Der HSC Rosenstadt baut die Modellregion „Mehr Inklusion für alle“ auf / Verein von Petra Stock im Bundeswettbewerb ausgewählt

shz.de von
12. Januar 2018, 14:49 Uhr

Die Stadt Eutin ist dank des HSC Rosenstadt Modellregion für das Projekt „Mehr Inklusion für alle“ (Mia). Das bundesweite Projekt des Deutsche Behindertensportverbands (DBS), gefördert durch die Stiftung „Aktion Mensch“, hat von 40 Projektbewerbungen zehn zu Modellregionen erklärt, darunter auch den Handball-Sportclub Rosenstadt. Mit der Nennung sind Beratungen durch den DBS und eine finanzielle Zuwendung in Höhe von 5000 Euro verbunden. Ziel ist es, regional eine vereinsübergreifende Arbeit nach dem „Index für Inklusion im und durch Sport“ des DBS zu schaffen, damit inklusive Sportlandschaften entstehen, wie der DBS auf der Projekt-Internetseite sagt.

„Wir haben gar nicht mehr damit gerechnet“, berichteten Trainerin Petra Stock und ihr Mann Uwe, die Initiatoren und Organisatoren des HSC Rosenstadt, gestern beim Training. Umso größer sei die Freude gewesen, als im Dezember der DBS über den Erfolg informierte. Sie hoffen auf Zusammenarbeit mit anderen Vereinen, das Interesse der Stadt und einen jungen Menschen, der ab Herbst sein Freiwilliges Soziales Jahr beim Verein machen möchte. Petra Stock: „Den könnten wir von dem Geld bezahlen.“

Seit 2014 trainiert Petra Stock (51) Kinder im HSC. Der Handball-Sportclub hat sich auf die Fahnen geschrieben, Kinder mit und ohne Einschränkungen gemeinsam zu trainieren.

Kim ist 13 Jahre alt, spielt inzwischen in der C-Jugend in Stockelsdorf, dennoch ist er noch beim HSC Rosenstadt dabei.
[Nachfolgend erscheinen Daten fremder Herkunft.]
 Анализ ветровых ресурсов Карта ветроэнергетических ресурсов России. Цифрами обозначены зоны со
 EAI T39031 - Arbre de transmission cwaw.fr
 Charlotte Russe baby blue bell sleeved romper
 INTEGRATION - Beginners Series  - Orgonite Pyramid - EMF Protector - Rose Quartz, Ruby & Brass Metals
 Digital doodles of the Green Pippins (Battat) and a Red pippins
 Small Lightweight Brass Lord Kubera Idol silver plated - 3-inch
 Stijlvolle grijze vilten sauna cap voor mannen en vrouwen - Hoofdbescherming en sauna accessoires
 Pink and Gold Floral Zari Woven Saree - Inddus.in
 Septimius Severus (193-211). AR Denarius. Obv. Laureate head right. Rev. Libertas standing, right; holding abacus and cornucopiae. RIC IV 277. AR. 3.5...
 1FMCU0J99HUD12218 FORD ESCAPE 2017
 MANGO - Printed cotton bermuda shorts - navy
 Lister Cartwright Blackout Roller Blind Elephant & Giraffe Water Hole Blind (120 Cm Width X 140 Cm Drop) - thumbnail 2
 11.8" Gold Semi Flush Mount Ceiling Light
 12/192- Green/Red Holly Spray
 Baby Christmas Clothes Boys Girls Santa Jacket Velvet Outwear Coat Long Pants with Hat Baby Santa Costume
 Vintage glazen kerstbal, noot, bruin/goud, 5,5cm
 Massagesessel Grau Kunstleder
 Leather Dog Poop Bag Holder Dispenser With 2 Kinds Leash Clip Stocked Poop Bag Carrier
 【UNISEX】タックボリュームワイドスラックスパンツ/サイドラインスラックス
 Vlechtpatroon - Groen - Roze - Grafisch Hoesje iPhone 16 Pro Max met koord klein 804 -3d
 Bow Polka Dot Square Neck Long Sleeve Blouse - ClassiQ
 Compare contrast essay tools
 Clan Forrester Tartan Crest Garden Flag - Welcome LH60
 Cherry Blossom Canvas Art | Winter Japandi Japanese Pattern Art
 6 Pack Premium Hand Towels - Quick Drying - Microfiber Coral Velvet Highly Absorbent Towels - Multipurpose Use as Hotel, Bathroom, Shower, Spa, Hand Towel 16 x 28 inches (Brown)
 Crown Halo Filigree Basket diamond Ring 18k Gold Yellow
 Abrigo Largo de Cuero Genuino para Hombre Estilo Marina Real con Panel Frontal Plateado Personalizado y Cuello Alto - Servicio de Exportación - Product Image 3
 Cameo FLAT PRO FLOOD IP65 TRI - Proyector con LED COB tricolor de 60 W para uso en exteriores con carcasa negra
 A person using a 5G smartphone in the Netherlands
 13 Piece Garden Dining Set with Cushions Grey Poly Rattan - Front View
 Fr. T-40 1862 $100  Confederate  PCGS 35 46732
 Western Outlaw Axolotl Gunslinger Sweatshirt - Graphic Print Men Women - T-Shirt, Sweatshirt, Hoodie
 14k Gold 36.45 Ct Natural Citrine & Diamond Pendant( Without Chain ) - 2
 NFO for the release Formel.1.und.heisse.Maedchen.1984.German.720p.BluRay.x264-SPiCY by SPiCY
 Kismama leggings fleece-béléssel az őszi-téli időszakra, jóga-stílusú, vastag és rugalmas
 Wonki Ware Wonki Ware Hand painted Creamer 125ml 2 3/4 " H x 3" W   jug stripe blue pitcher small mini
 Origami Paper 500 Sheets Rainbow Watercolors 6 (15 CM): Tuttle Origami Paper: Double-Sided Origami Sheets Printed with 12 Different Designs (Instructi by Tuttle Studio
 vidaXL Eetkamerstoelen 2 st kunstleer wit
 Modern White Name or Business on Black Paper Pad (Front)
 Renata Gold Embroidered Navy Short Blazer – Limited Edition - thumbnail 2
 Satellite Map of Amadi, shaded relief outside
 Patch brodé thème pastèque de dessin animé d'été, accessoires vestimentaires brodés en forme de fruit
Sein Vater Ernst Mollenhauer gehört zu den vier Ehrenamtlern, die Woche für Woche mehrmals in einer der Sporthallen stehen und insgesamt 42 Kinder trainieren.

Lex ist elf Jahre alt und Träger eines Hörgerätes. Das störe ihn gar nicht, sagt er, als er danach gefragt wird. Er höre alles. Mit seinem jüngeren Bruder kommt er jede Woche zum Training. Am liebsten ist Lex Torwart, doch auch Tore zu werfen und in der Abwehr zu spielen mache ihm Spaß.

Der neunjährige Sönke spielt von Anfang an mit. Den Ball zu prellen, Tore zu werfen, Bälle abzuwehren, habe er seit 2014 gelernt. „Es ist Leidenschaft. Der Teamgeist gefällt mir.“ Außerdem sei die Trainerin nett. Beim HSC spielen Jungen und Mädchen zusammen.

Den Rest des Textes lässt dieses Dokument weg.